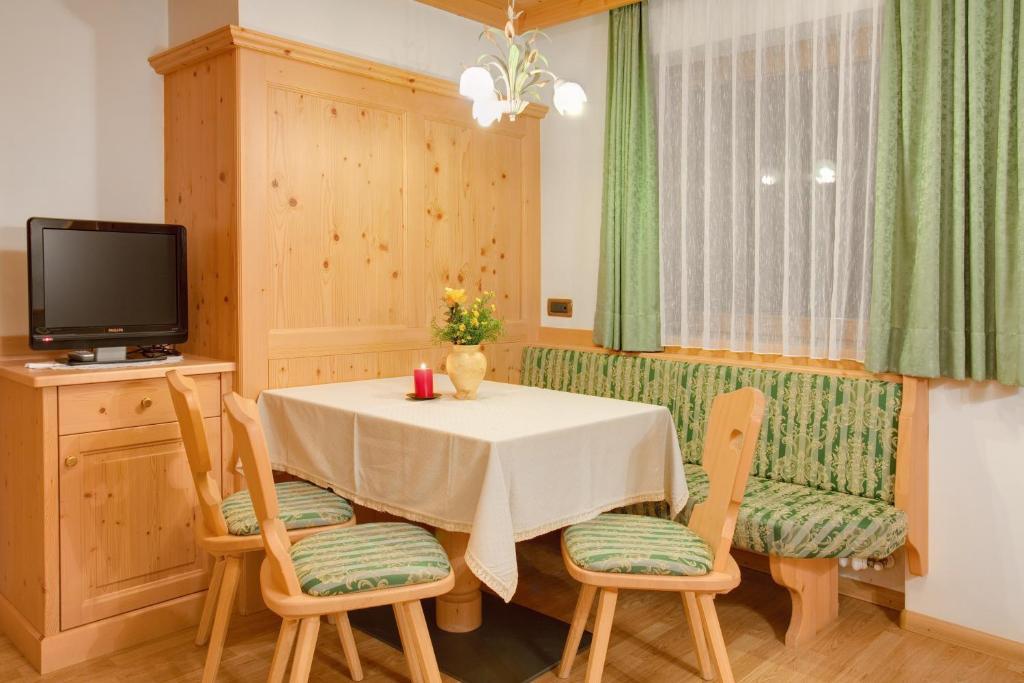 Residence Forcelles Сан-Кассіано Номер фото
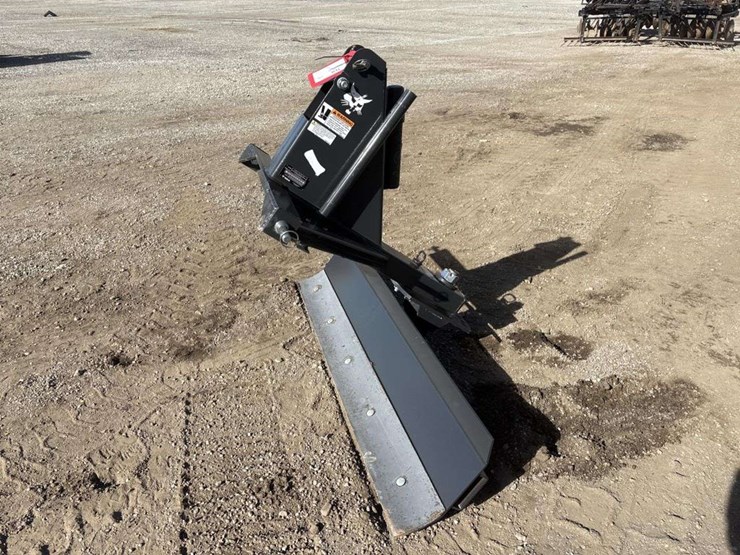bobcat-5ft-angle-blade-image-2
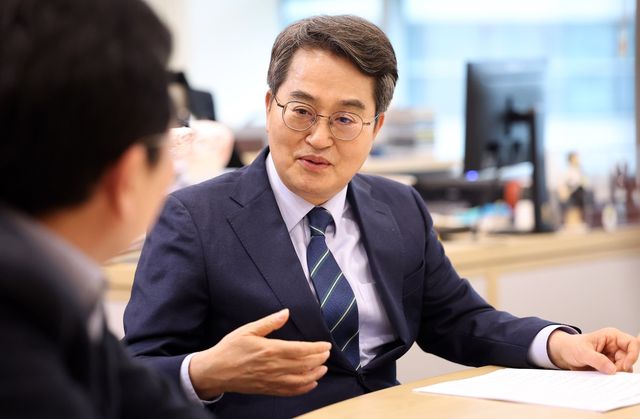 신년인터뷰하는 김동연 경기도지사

***

To do: Please give back the material above exactly as written, pictures omitted.

Problem solution:
 Residence Forcelles Сан-Кассіано Номер фото
bobcat-5ft-angle-blade-image-2
 신년인터뷰하는 김동연 경기도지사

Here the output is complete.